5

$$\phi(z)=\frac{\sigma}{4\pi\varepsilon_0}\int_{\frac{-a}{2}}^{\frac{a}{2}}\int_{\frac{-a}{2}}^{\frac{a}{2}}\frac{1}{\sqrt{x^2+y^2+z^2}}~dx~dy$$

I'm not sure how to do this integral. For the first integral w.r.t $x$ i tried to substitute $x=\sqrt{y^2+z^2}\sin{\theta}\implies dx=\sqrt{y^2+z^2}\cos\theta~d\theta$.

The integral then becomes:

$$\phi(z)=\frac{\sigma}{4\pi\varepsilon_0}\int_{\frac{-a}{2}}^{\frac{a}{2}}\int_{-\text{?}}^\text{?}1~d\theta~dy$$

But the bounds are $\text{?}=\arcsin{\frac{a}{2\sqrt{y^2+z^2}}}$ since arcsin is an odd function.

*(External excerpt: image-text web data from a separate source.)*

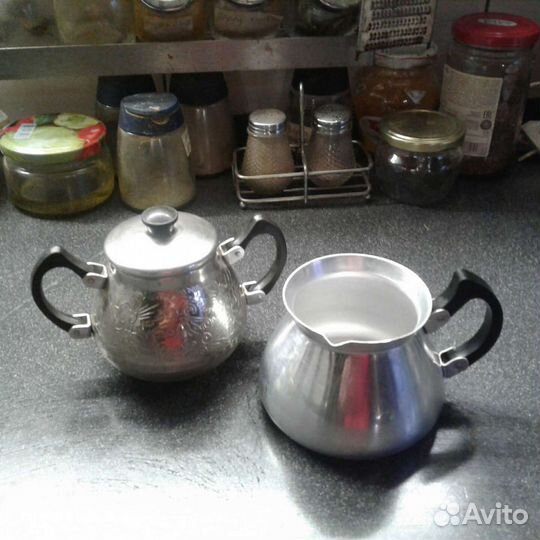 Сахарница и молочник СССР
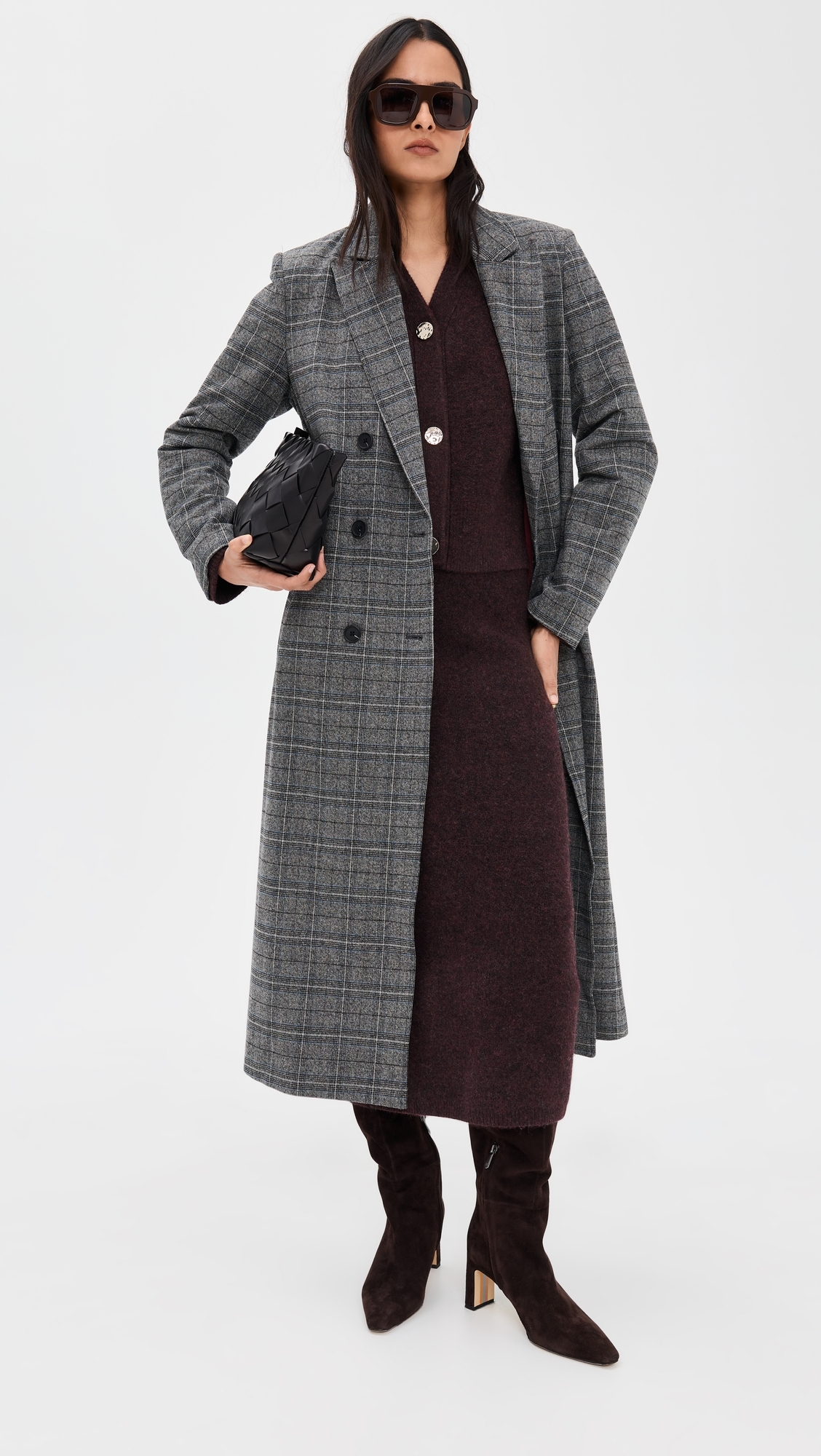 Ines Knit Cardigan Charcoal Grey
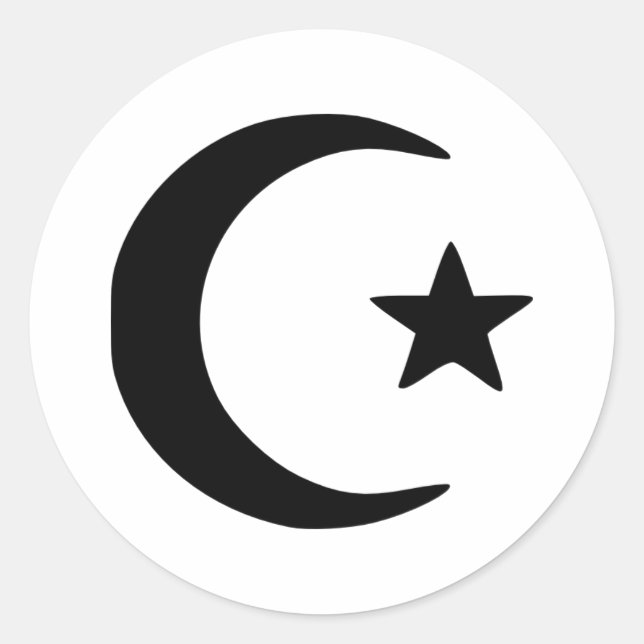 Crescent - Star Classic Round Sticker (Front)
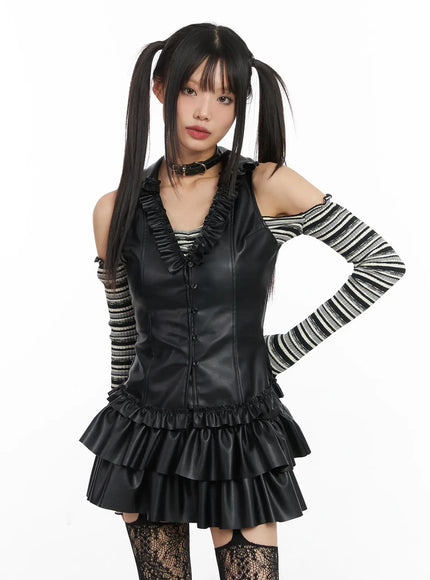 faux-leather-bustier-vest-cd522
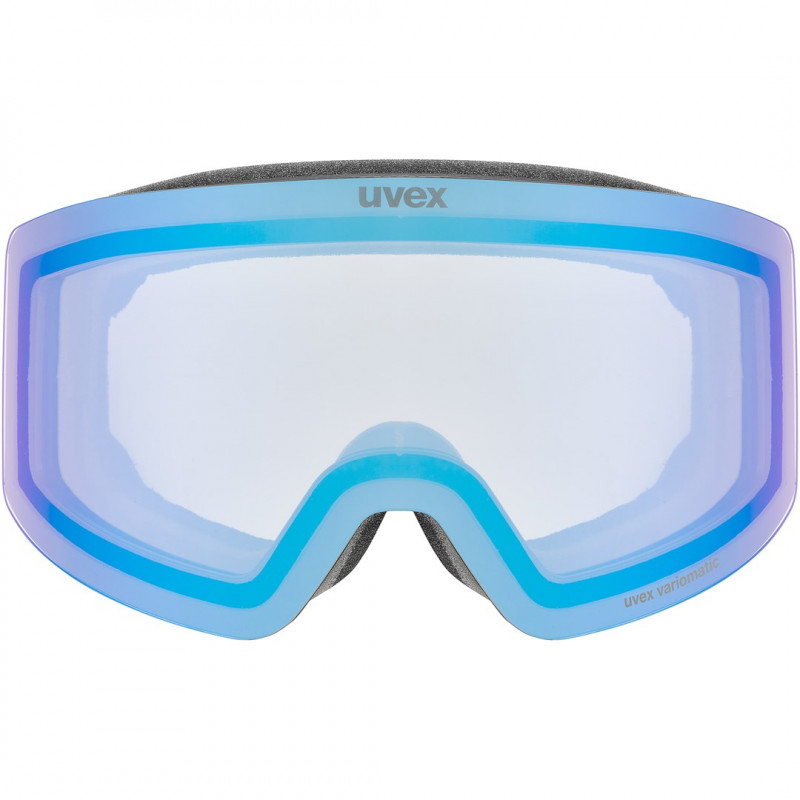 UVEX Provoqe V skibril, zwart/blauw, one size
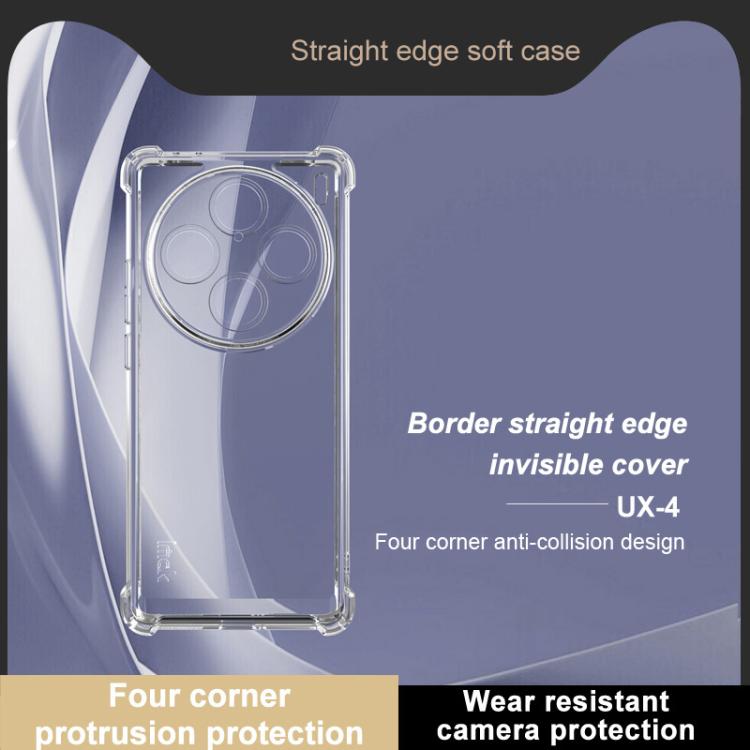 For vivo X100 Pro / X100s Pro IMAK UX-4 Series Four-corner Shockproof Phone Case - Transparent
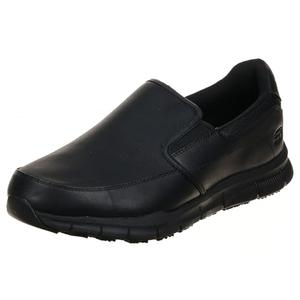 Skechers for Work Men's Nampa-Groton Slip On Food Service Shoe 8.5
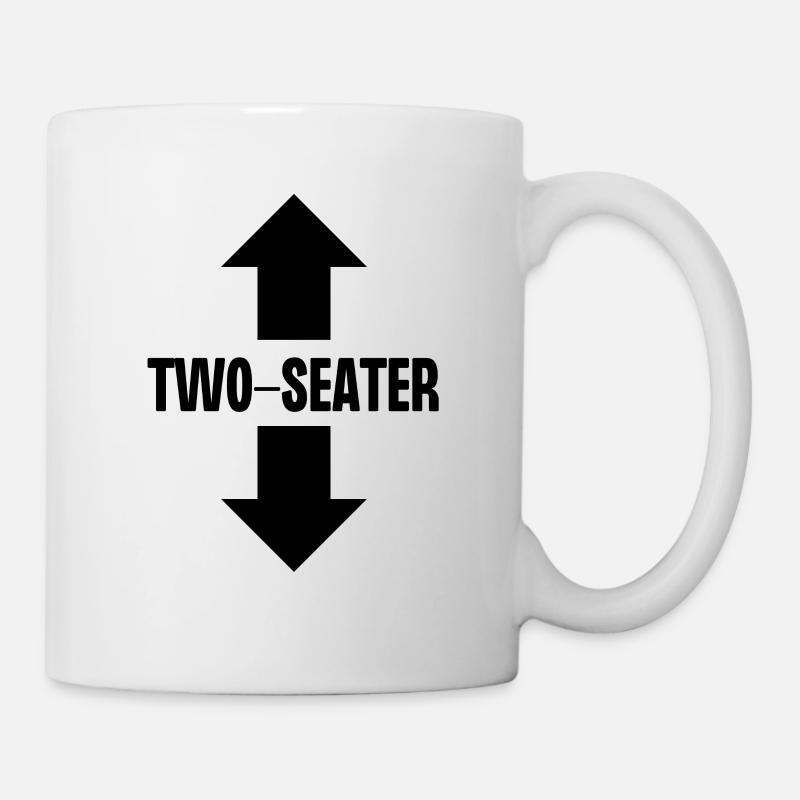 Deux places - Mug blanc - blanc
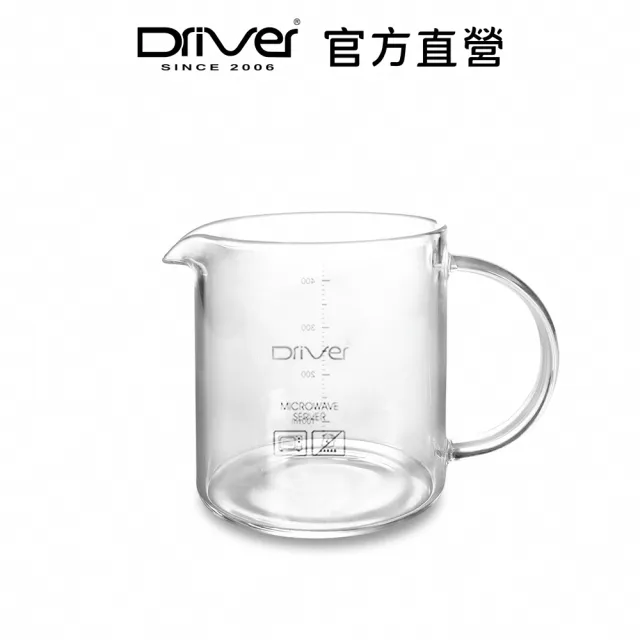 【Driver】耐熱玻璃壺-450ml(耐熱量杯 茶壺 煮茶壺 水壺 沖茶 咖啡壺)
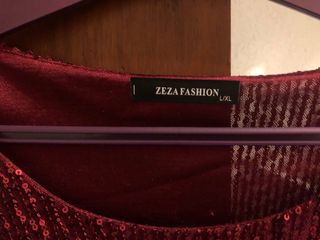 Vestido lentejuelas FEZA FASHION rojo talla M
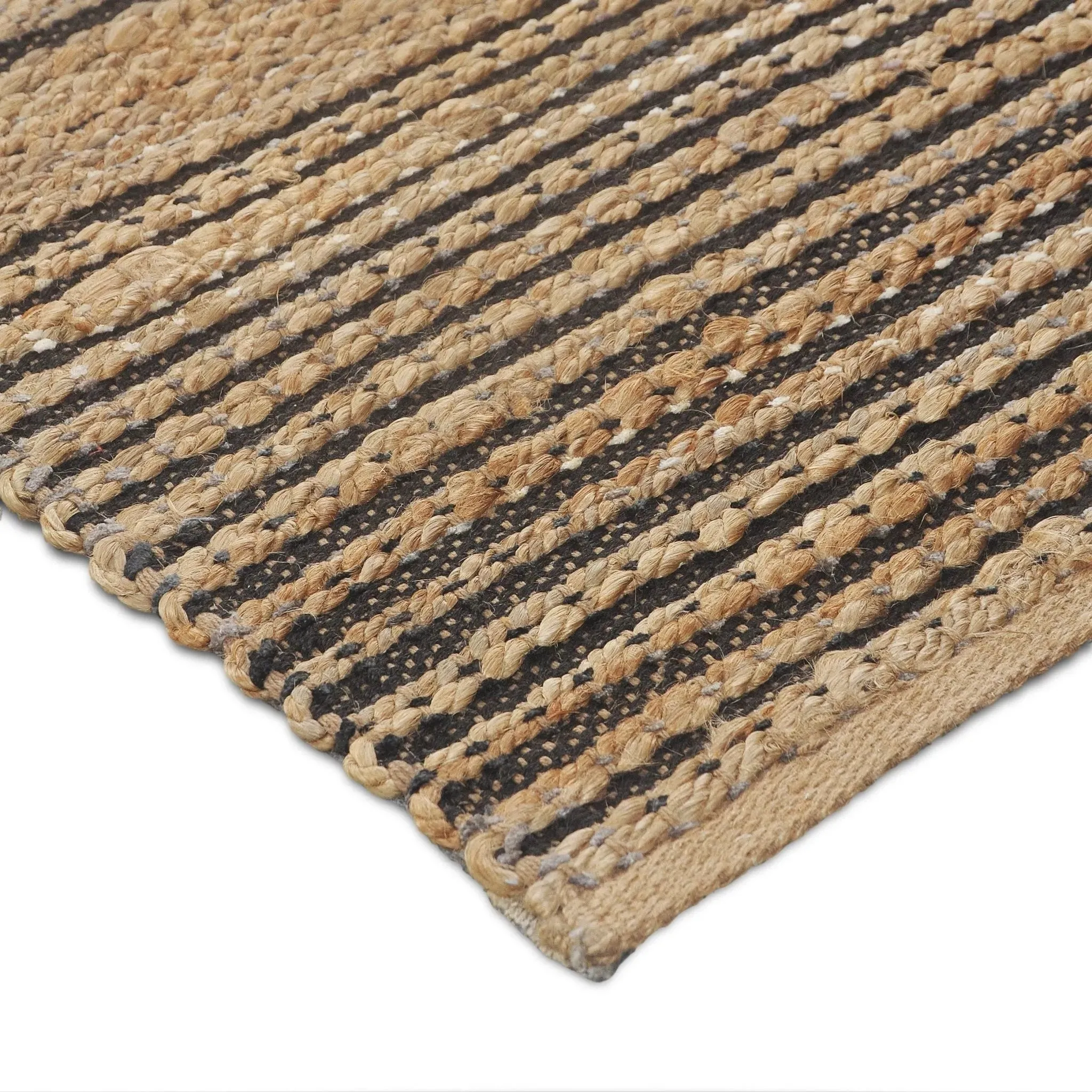 Natural Fiber Lr03387 Tan/Black Rug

However this just makes it even harder to solve. So what is the best way to do this integral?

If it helps I will give the context of the question. I am asked to find the strength of the electric field at a height z above the centre of a square sheet with constant charge density $\sigma$ and side lengths $a$.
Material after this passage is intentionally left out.